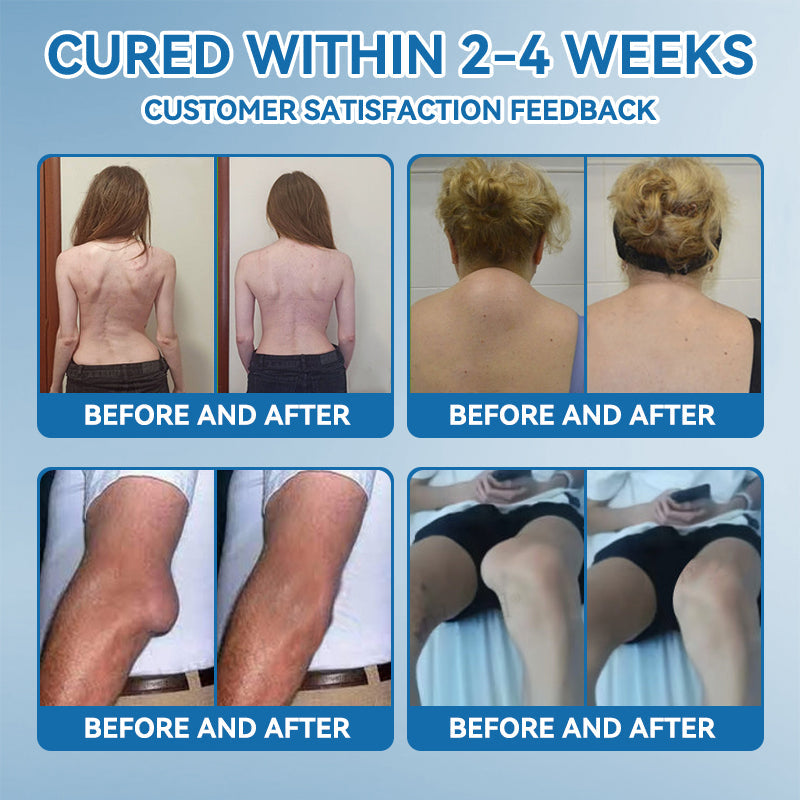 Tiwrold® BPC-157 Joint Healing Cream🦴Treats Arthritis, Neuropathy, Rheumatism, Sports Injuries & More🏆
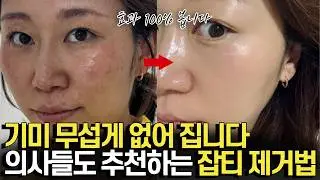 매일 밤 비타민C 이렇게 바르면 기미 무섭게 없어집니다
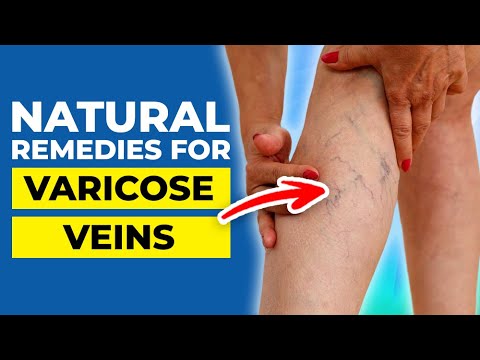 10 Natural Remedies for Varicose Veins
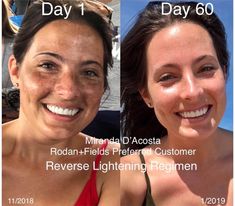 Rodan Fields Lash Boost, Rodan And Fields Reverse, Rodan And Fields Consultant, Skin Care Routine For 20s, Life Changing Skincare, Premium Skincare, Mascara Facial, Skin Discoloration, Sun Damage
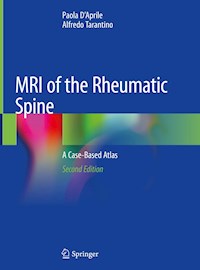 MRI of the Rheumatic Spine - Paola D'Aprile - ebook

### Requirement
From the line holding "매일 밤 비타민C 이렇게 바르면 기미 무섭게 없어집니다" to the final line of the data above, give each line again exactly, both ends included, and drop the pictures.

### Result
 매일 밤 비타민C 이렇게 바르면 기미 무섭게 없어집니다
 10 Natural Remedies for Varicose Veins
 Rodan Fields Lash Boost, Rodan And Fields Reverse, Rodan And Fields Consultant, Skin Care Routine For 20s, Life Changing Skincare, Premium Skincare, Mascara Facial, Skin Discoloration, Sun Damage
 MRI of the Rheumatic Spine - Paola D'Aprile - ebook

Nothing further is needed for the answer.